[[ Data block, beginning ]]

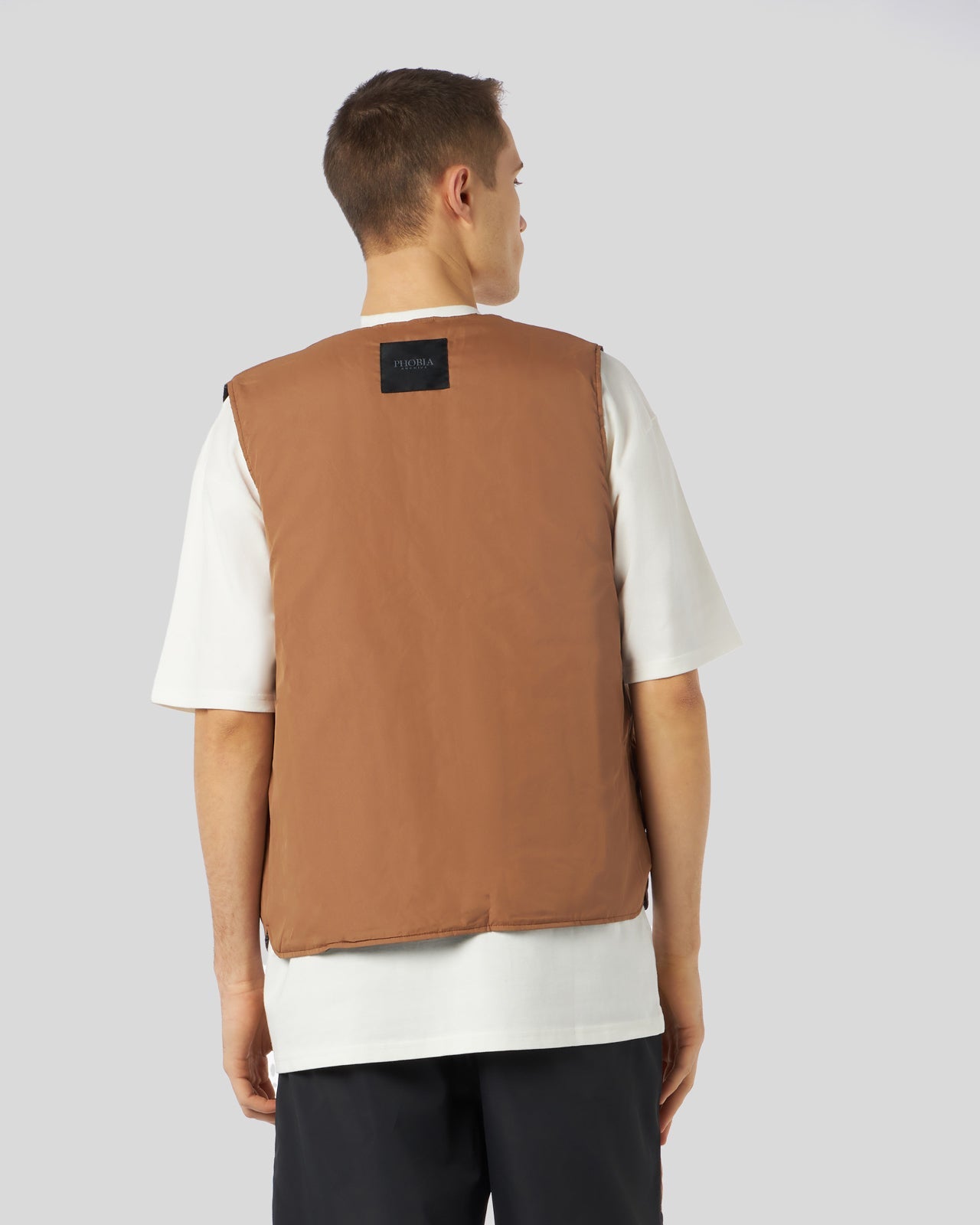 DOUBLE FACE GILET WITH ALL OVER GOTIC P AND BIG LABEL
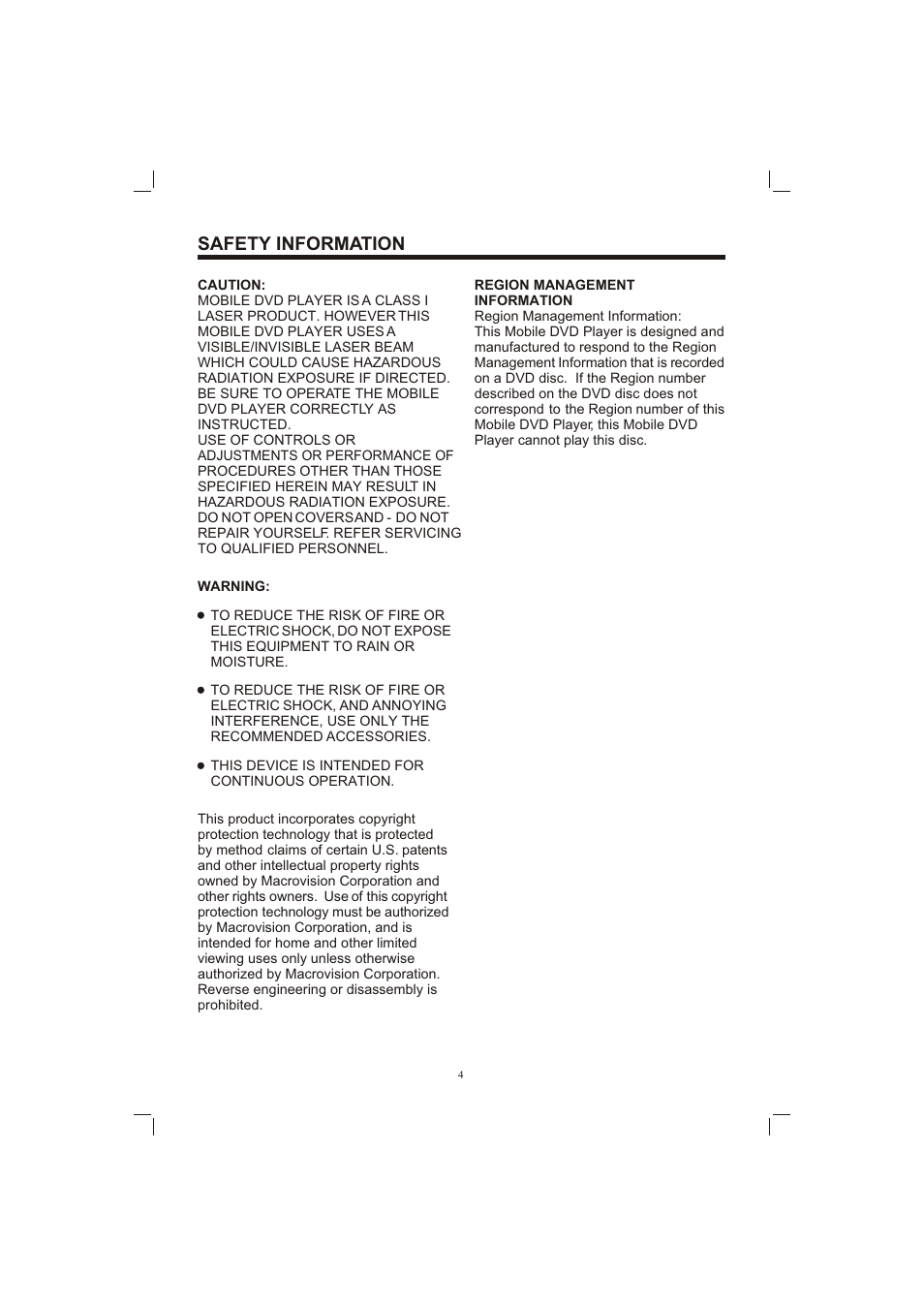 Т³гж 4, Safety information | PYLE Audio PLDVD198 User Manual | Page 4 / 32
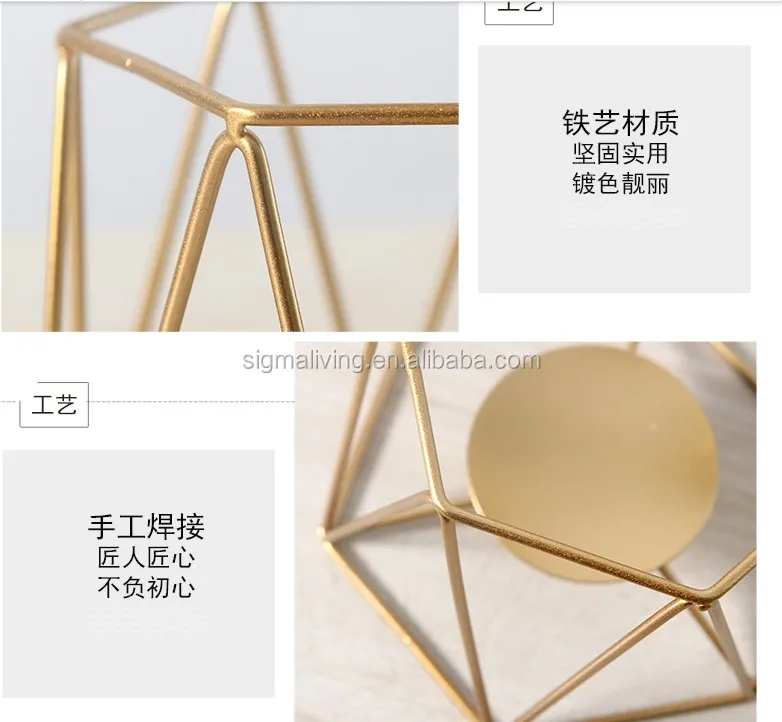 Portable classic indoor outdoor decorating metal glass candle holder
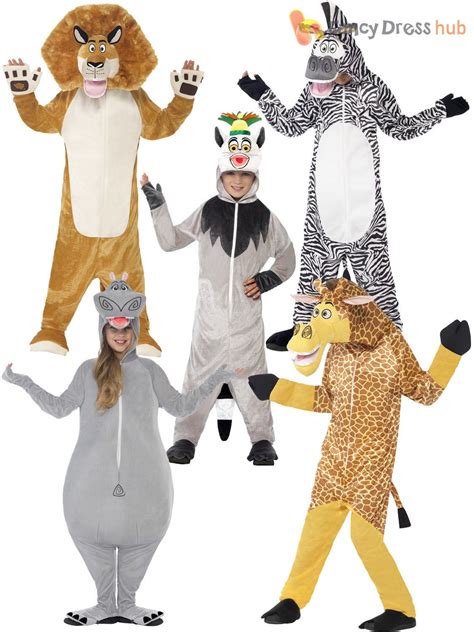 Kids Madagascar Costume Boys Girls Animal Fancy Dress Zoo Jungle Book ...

[[ Data block, end ]]

**Task to complete**
Transcribe the lines above exactly, setting aside any picture among them.

**Task result**
 DOUBLE FACE GILET WITH ALL OVER GOTIC P AND BIG LABEL
 Т³гж 4, Safety information | PYLE Audio PLDVD198 User Manual | Page 4 / 32
 Portable classic indoor outdoor decorating metal glass candle holder
 Kids Madagascar Costume Boys Girls Animal Fancy Dress Zoo Jungle Book ...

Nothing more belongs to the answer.